At the line containing "(3 pieces set)", begin an exact copy of the lines below and continue through the final one, with no pictures.

* **Available records**:
---*---
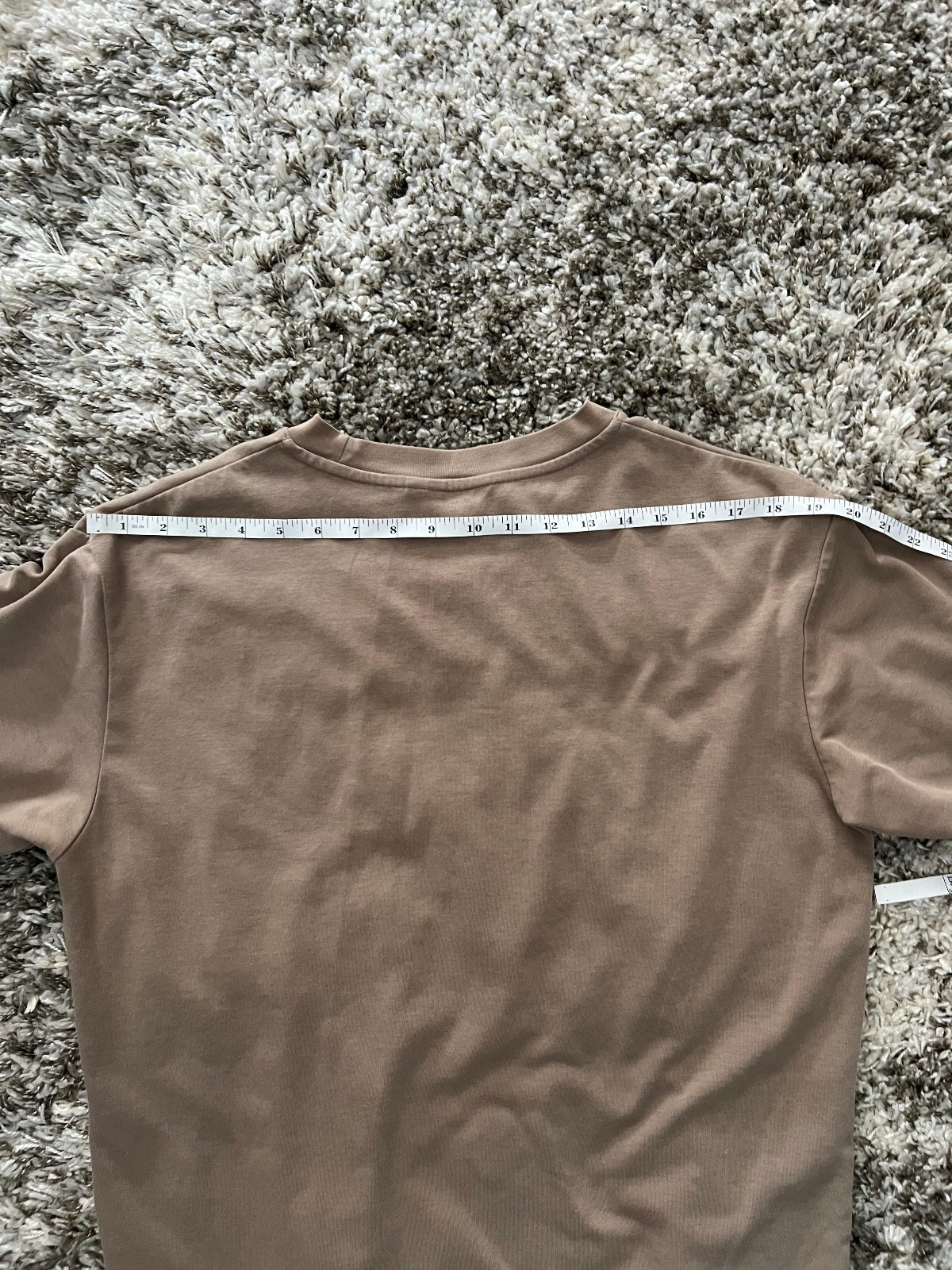 UNIQLO U AIRism Cotton Oversized T-Shirt Half-Sleeve Brown Men’s Medium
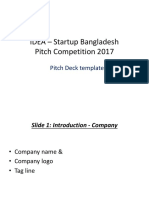 Startup Bangladesh Competition Pitch Deck V1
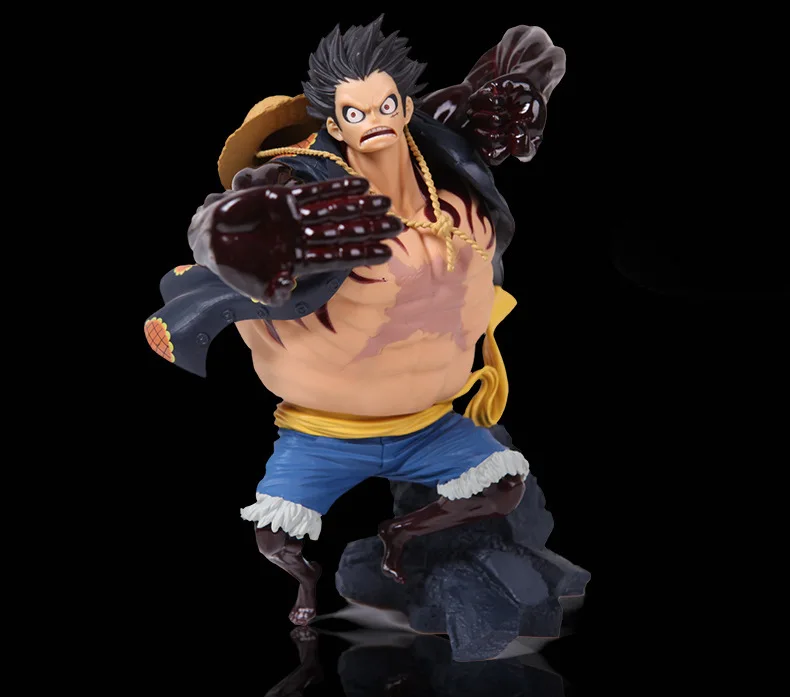 Цельная фигурка Banpresto Luffy хит Коллекционная модель виниловая кукла Луффи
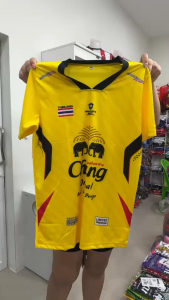 เสื้อกีฬา คอวี คอกลม ผ้าไมโครนุ่มใส่สบาย ใส่ได้ทั้ง ชาย หญิง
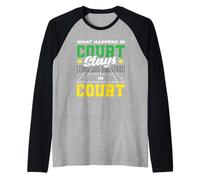 Ce Qui se Passe au Tribunal Reste Un Joueur de Tennis Manche Raglan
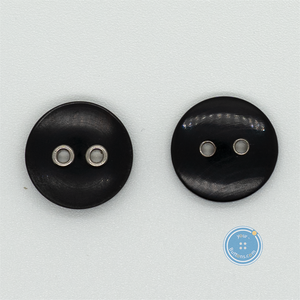 (3 pieces set) 15mm Real Horn Button with Metal eyelet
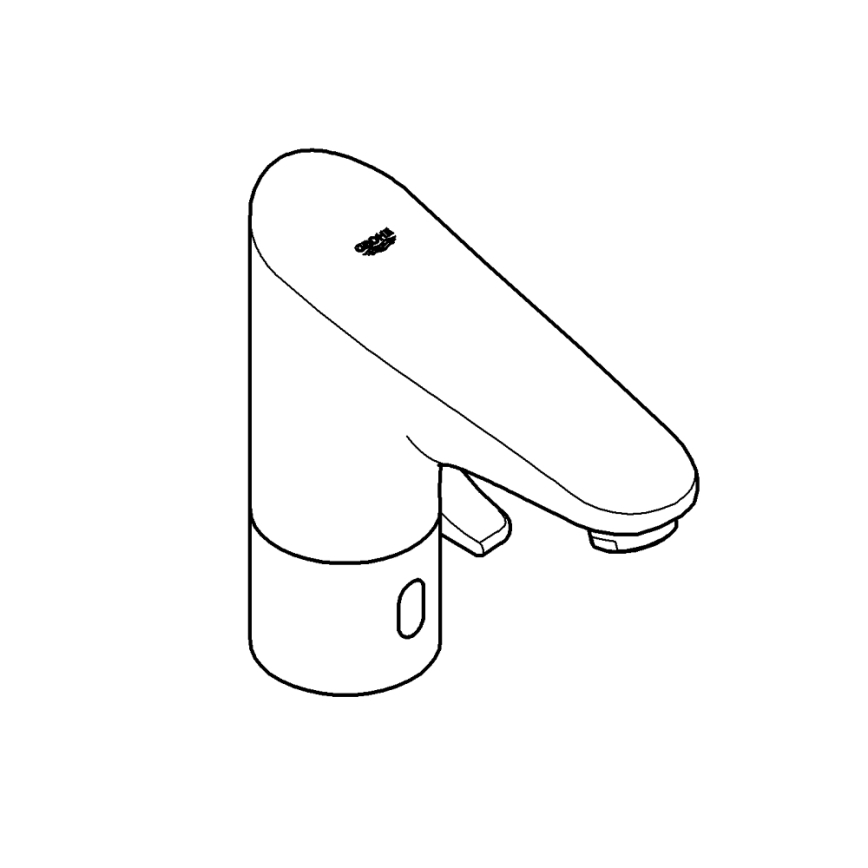GROHE 36207001 - електронний змішувач для умивальника EUROPLUS E DN 15 глянцевий хром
---*---
* **Exercise result**:
 (3 pieces set) 15mm Real Horn Button with Metal eyelet
GROHE 36207001 - електронний змішувач для умивальника EUROPLUS E DN 15 глянцевий хром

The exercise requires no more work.